Research Specifies How Compounding of Data Causes Storage Problems
Not having a specified plan to edit, deduplicate and/or compress stored
business data in backup or in archives is like compound interest at a bank-but
in a not-so-good way.
At the bank, money slowly builds upon itself to result in higher income for the client. However, in storage, data builds upon itself to slowly but surely undermine an entire storage system.
If duplicate and unnecessary business data and files keep multiplying upon themselves, the mass of content slowly becomes too unwieldy for systems to handle properly. This doesn't happen overnight; rather, it insidiously poisons a storage system as backup builds upon backup, tapes pile upon tapes, and control over everything becomes lost.
Ultimately, what's left are piles of digital tapes or racks of loaded arrays with no clear way to access specific files.
"We're dealing with a situation in which companies are celebrating that they recycle paper, plastic and whatever else, but have the utmost worst policies for information management in the data center," Symantec Director of Product Marketing Sean Reagan told eWEEK.
Symantec recently released the findings of its 2010 Information Management Health Check Survey, the main message of which is that a majority of enterprises are not following their own advice when it comes to information management.
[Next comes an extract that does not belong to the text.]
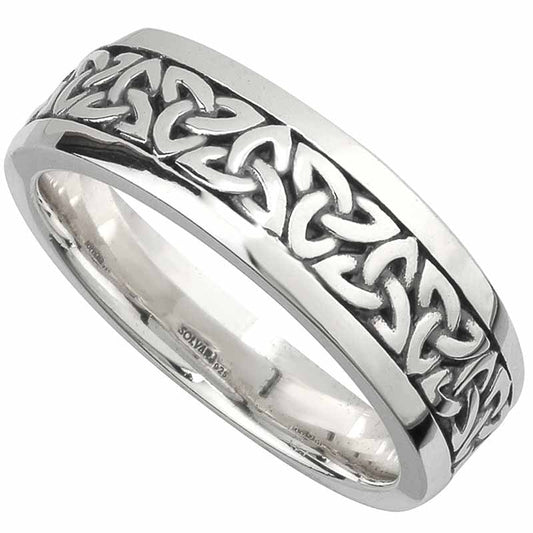 Irish Wedding Band -  Sterling Silver Mens Celtic Trinity Knot Ring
Eighty-seven percent of respondents believe in the value of a formal information retention plan, but only 46 percent actually have one, the survey found. Survey results also found that too many enterprises save information indefinitely instead of implementing policies that allow them to confidently delete unimportant data or records, and therefore suffer from rampant storage growth, unsustainable backup windows, increased litigation risk, and expensive and inefficient discovery processes.
The survey touched 1,700 companies-each with more than 500 employees-in 26 countries. Just over 90 percent of the respondents said they believe they should have a policy to delete data whenever it needs to be deleted.
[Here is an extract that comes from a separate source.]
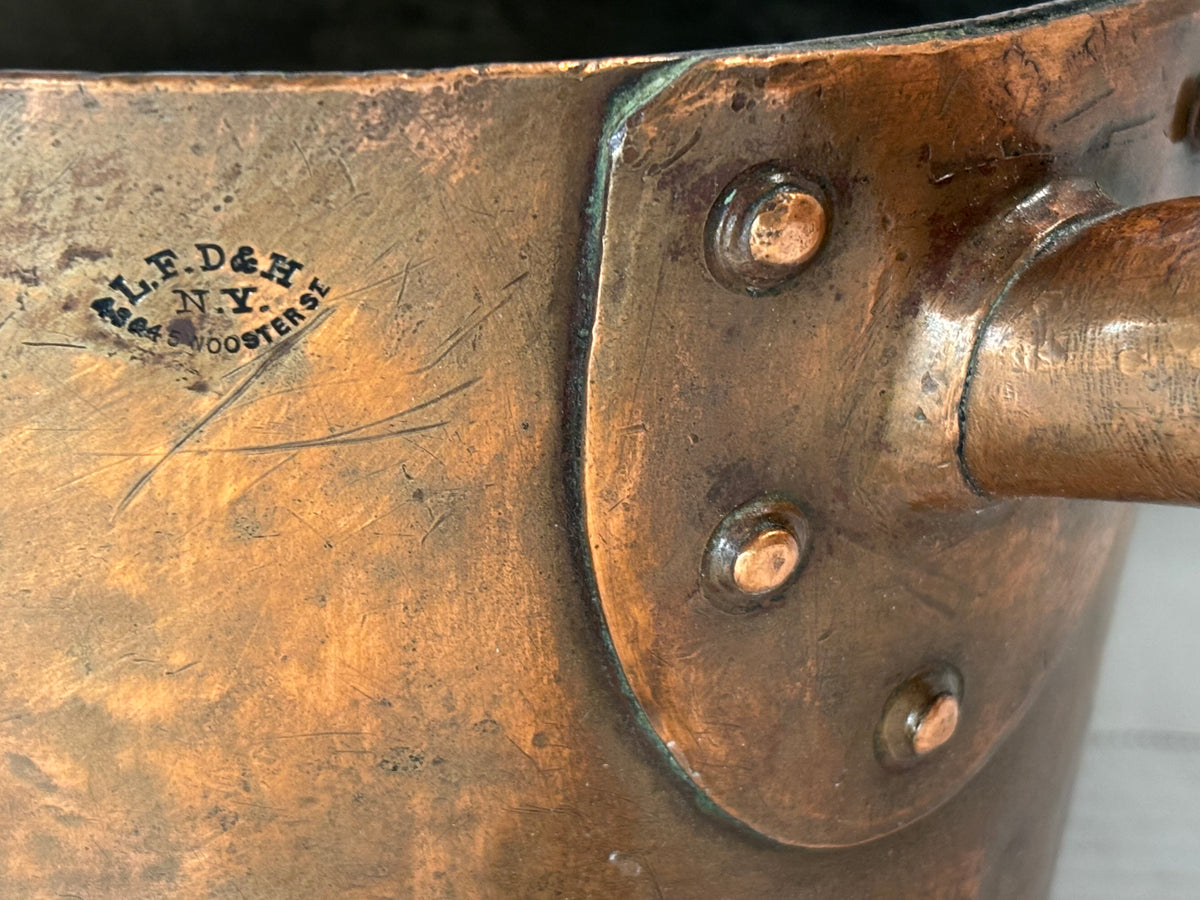 Exceptional Late 19th Century L.F. Duparquet, Huot & Moneuse New York Professional Copper Saucepan, circa 1875–1890.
Simple idea, but not so easy to implement
"The fact is, while most people think it's a good idea to just keep everything, it is not a good idea to keep everything forever," Reagan said. "The way companies are dealing with this today doesn't work. It doesn't work from a storage perspective because you just can't afford to keep everything forever. Infinite retention policies lead to infinite waste."
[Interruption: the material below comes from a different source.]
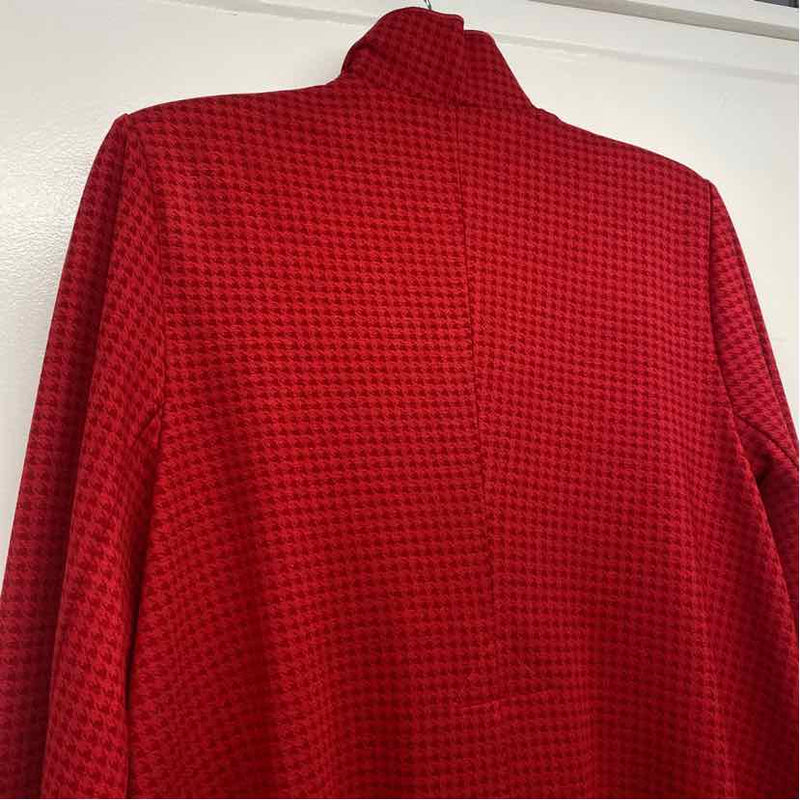 Cabi Women's Size L Red Houndstooth Cape Coat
This is where the compounding comes into play. Companies that do not have clear data deletion policies keep building up data stores that are backed up each night or week, with nonsignificant files and other data lumped in that shouldn't be there.
The more that data compounds upon itself at each backup, the slower and more inefficient the backup and subsequent storage becomes.
"It also doesn't work from a recovery and discovery perspective," Reagan said. "Companies that have just kept everything on file with no real organizing factor to it end up in a serious disadvantage when it comes time to refute allegations that they've deleted e-mail inappropriately or haven't managed their information."
Why aren't companies getting a better handle on managing their data?
"People are taking the traditional way out," Reagan said. "In the past, companies have been buying storage, and they have a pretty well-thought-out process for that. It's very easy to throw storage at the problem. Deduplication can be added to help people store data better, but dedupe won't be the answer to everything. Dedupe will do what it can, but eventually companies are going to have to look closely at their data and start expiring some of it.
"I think people are deferring to the processes they've known and understood, and not taking it forward."
Eventually, companies will reach a point where this strategy is a "fail," Reagan said. They will completely run out of options for managing their data and eventually will have to make rapid decisions around what to delete, he said.
All this nonorganization of storage can end up to be a real cost center for businesses, especially when it comes to finding files in a window of time for litigation.
"The time it takes to recover some of these massive backups, or to find information for litigation or internal investigations, is enormous, and the cost is enormous. We've got some math that shows it's somewhere between 1,500 and 3,000 times more expensive to search and review information than to actually store it," Reagan said.
"The more we store, the bigger this downstream problem gets. And there is only a subset of companies that are actually aware of this and figuring it out."